Work instructions: Without including any images, repeat the listing below exactly.

Information shown:
'''
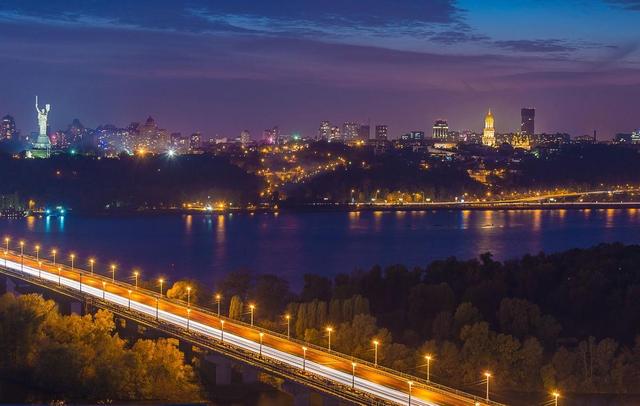 3-кімнатна квартира, Дніпровська наб. 1а — фото 1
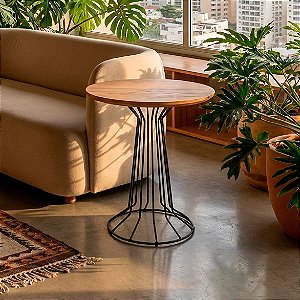 Mesa Lateral Baixa SINGAPURA Industrial Chic - Preto Fosco e Cinamomo Natural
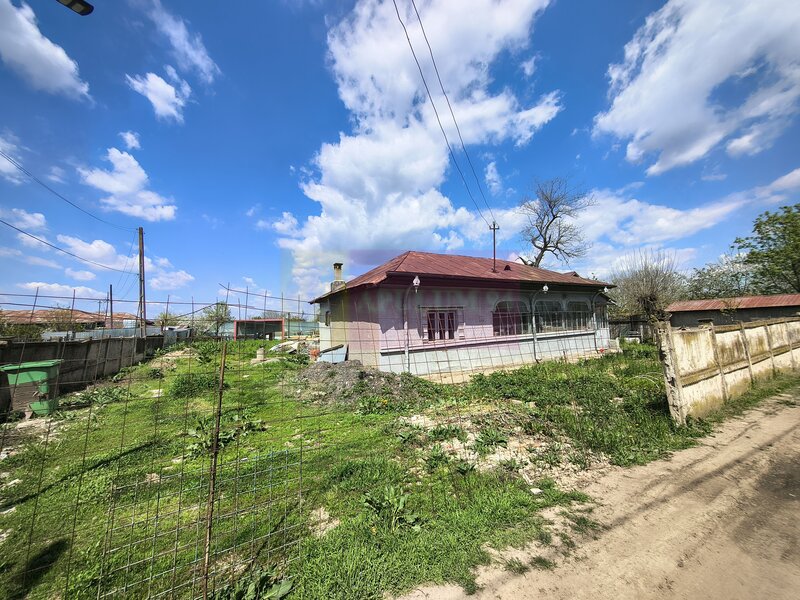 Teren cu o casa demolabila in satul Posta la 15 minute de Bucuresti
'''
Answer section:
 3-кімнатна квартира, Дніпровська наб. 1а — фото 1
 Mesa Lateral Baixa SINGAPURA Industrial Chic - Preto Fosco e Cinamomo Natural
 Teren cu o casa demolabila in satul Posta la 15 minute de Bucuresti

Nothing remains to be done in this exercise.